Oito falsários (e dois criminosos de guerra)
por Higinio Polo
Faz agora um ano, os Estados Unidos e a Grã-Bretanha iniciavam a guerra
contra o Iraque. Umas semanas antes, a 30 de Janeiro de 2003, oito dirigentes
europeus, preparando o terreno para a agressão militar, subscreviam um
artigo dirigido à opinião pública europeia e mundial, que
foi publicado por muitos jornais europeus. Esse manifesto, no qual os oito
subscritores mentiam conscientemente, foi esquecido pela opinião
pública, mas convém recordá-lo, sobretudo, para exigir uma
prestação de contas àqueles que o assinaram. Recordem:
eram José María Aznar, presidente do governo espanhol;
Durão Barroso, primeiro ministro português; Silvio Berlusconi,
primeiro ministro italiano; Tony Blair, primeiro ministro britânico;
Peter Medgyessy, primeiro ministro húngaro; Leszek Miller, primeiro
ministro polaco; Anders Fogh Rasmussen, primeiro ministro dinamarquês, e
Václav Havel, presidente da República Checa. Eram, são, o
melhor de cada casa: filhos da direita mais reaccionária, às
vezes com matizes fascistas, como Berlusconi ou Aznar; social-democratas
thatcherianos, como Blair; corruptos convertidos do socialismo real, como
Miller ou Medgyessy; veteranos da extrema esquerda também convertidos ao
liberalismo, como Durão Barroso; ou antigos dissidentes, amantes da
democracia capitalista e de Washington, como Havel.

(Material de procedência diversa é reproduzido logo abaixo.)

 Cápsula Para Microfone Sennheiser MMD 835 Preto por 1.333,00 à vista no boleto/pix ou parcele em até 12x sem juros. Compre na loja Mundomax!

Aquela declaração dos oito estadistas, sob o título
"Europa e América devem permanecer unidas", sugeria na
realidade que as reticências europeias -- da França, da Alemanha e
da Rússia -- perante o belicismo norte-americano, deviam desaparecer.
Jogando na ambiguidade e na mentira, pese a evidente falta de provas, pese que
os inspectores das Nações Unidas continuavam a trabalhar no
Iraque e jamais afirmaram que o seu governo dispusesse de armas de
destruição massiva, esses oito dirigentes europeus não
tiveram pejo em escrever frases como esta: "O regime do Iraque e as suas
armas de destruição massiva representam uma ameaça clara
para a segurança mundial. Assim o reconheceram expressamente as
Nações Unidas".
Mestres da hipocrisia, os oito presidentes mentirosos proclamavam no texto o
seu "desejo de prosseguir pelo caminho da ONU e o nosso apoio ao seu
Conselho de Segurança". Assim, os oito falsários se
declaravam alarmados pelos riscos para a humanidade de umas inexistentes armas
iraquianas e não se coibiam de afirmar que "a
combinação de armas de destruição maciça e
terrorismo supõe uma ameaça de consequências
incalculáveis." Isto, sabendo como sabiam, por outro lado, que
são os Estados Unidos o país que mais armas de
destruição maciça possui no planeta; o único sobre
a terra que utilizou os três tipos de armas convencionalmente assim
chamadas (químicas, biológicas e nucleares), e o que mais tem
recorrido ao terrorismo, tanto próprio e encoberto, como através
do treinamento de mercenários (não se lembravam já, os
oito estadistas, dos sinistros combatentes da liberdade de Reagan, entre os
quais Ben Laden, que aterrorizavam a população civil no
Afeganistão no tempo do governo aliado de Moscovo?).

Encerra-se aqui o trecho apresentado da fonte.